The shell of a burnt out car is seen in a neighborhood of Amiens, France, Tuesday, (Photo: AP).
French President Francois Hollande on Tuesday promised a tough response to a riot that devastated a deprived neighbourhood in the northern city of Amiens overnight.
"The state will mobilise all its means to combat these violent acts," Hollande said after a night of unrest that left 16 police officers injured, a primary school badly damaged by fire and a sports centre completely destroyed.
"Security is not only a priority for us, it is an obligation."
Hollande's Interior Minister Manuel Valls was due to visit Amiens later on Tuesday.
The riot, which the local mayor has linked to rising social tension against a backdrop of a deteriorating economy, cast a shadow over Hollande's celebration of 100 days since he was elected.

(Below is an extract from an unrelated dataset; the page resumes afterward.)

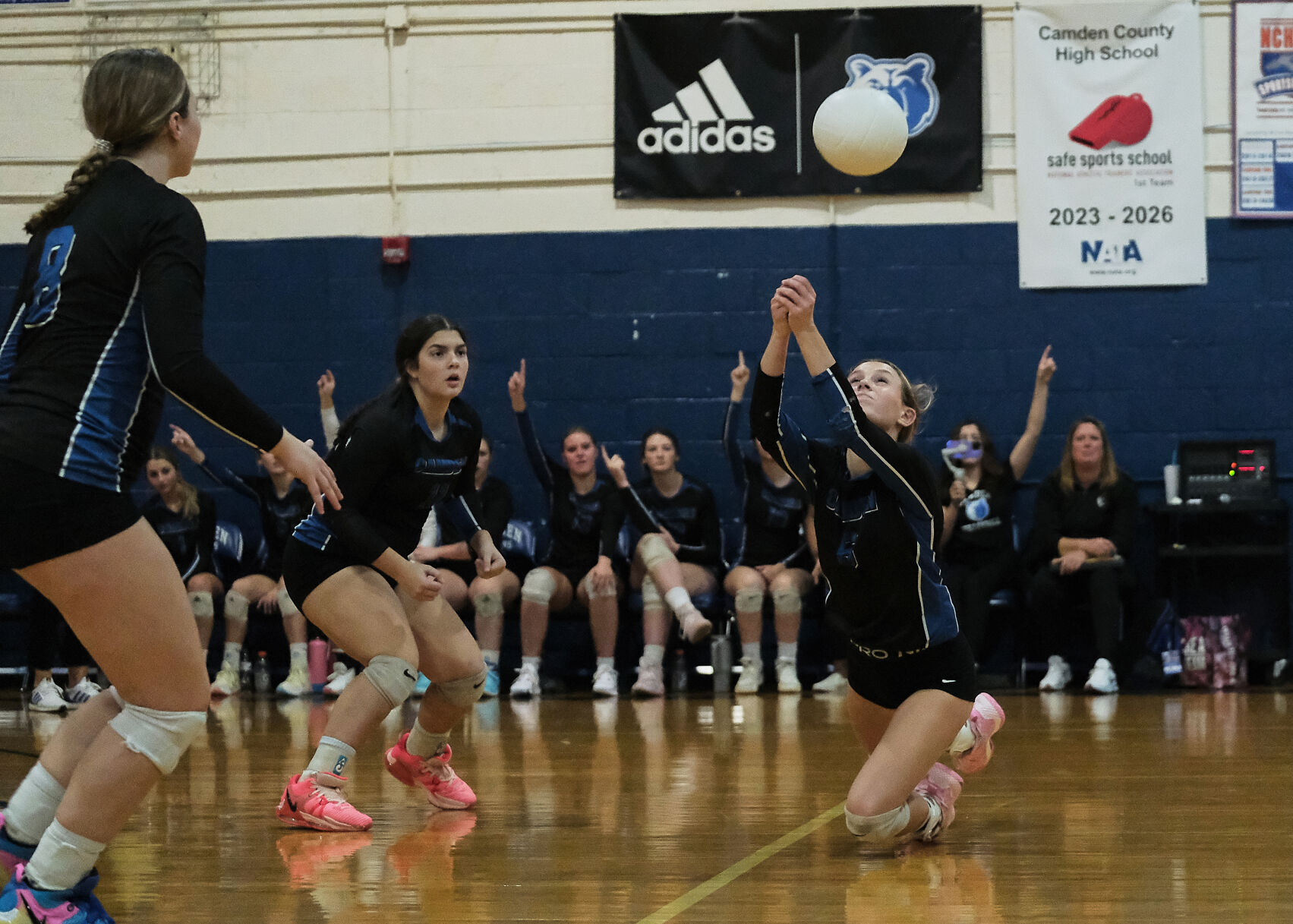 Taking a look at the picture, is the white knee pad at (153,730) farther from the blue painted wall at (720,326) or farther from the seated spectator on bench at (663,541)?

Hollande was in the southeastern village of Pierrefeu-du-Var to pay tribute to two female police officers who were shot dead in the line of duty in June.
The visit was intended to underline the Socialist president's support for the police and his determination to address public concerns over crime.
But it risked backfiring after the father of one of the two murdered policewomen denounced it as a public relations stunt.
Claude Berthaut, whose daughter Audrey was shot dead alongside her colleague Alicia Champlon, said: "I regret that he didn't come before but has instead come for communications purposes 100 days after his election.
"In my mind, it is two months too late."
Hollande sent an official from his private office to represent him at the funerals of the two officers, citing prior commitments.
About 100 French youths had clashed with police overnight, shooting at police, torching cars, a leisure centre and a nursery school in the northern city of Amiens, a government official said.
The two nights of violence were apparently sparked by tension over spot police checks on residents.
The Amiens suburb which erupted in violence has already been identified as needing extra policing by Hollande's Socialist government.
Tensions remain high in France's rundown suburbs, where poor job prospects, racial discrimination, a widespread sense of alienation from mainstream society and perceived hostile policing have periodically touched off violence.
Weeks of rioting in 2005, the worst urban unrest in France in 40 years, led to the imposition of a state of emergency by the then centre-right government.
The violence provoked months of agonised debate over the state of the grim housing estates that ring many French cities and the integration of millions of black and North African immigrants.
The death of two youths hit by a police car sparked violence in 2007. More unrest followed in 2010, when police shot and killed a youth who had robbed a casino.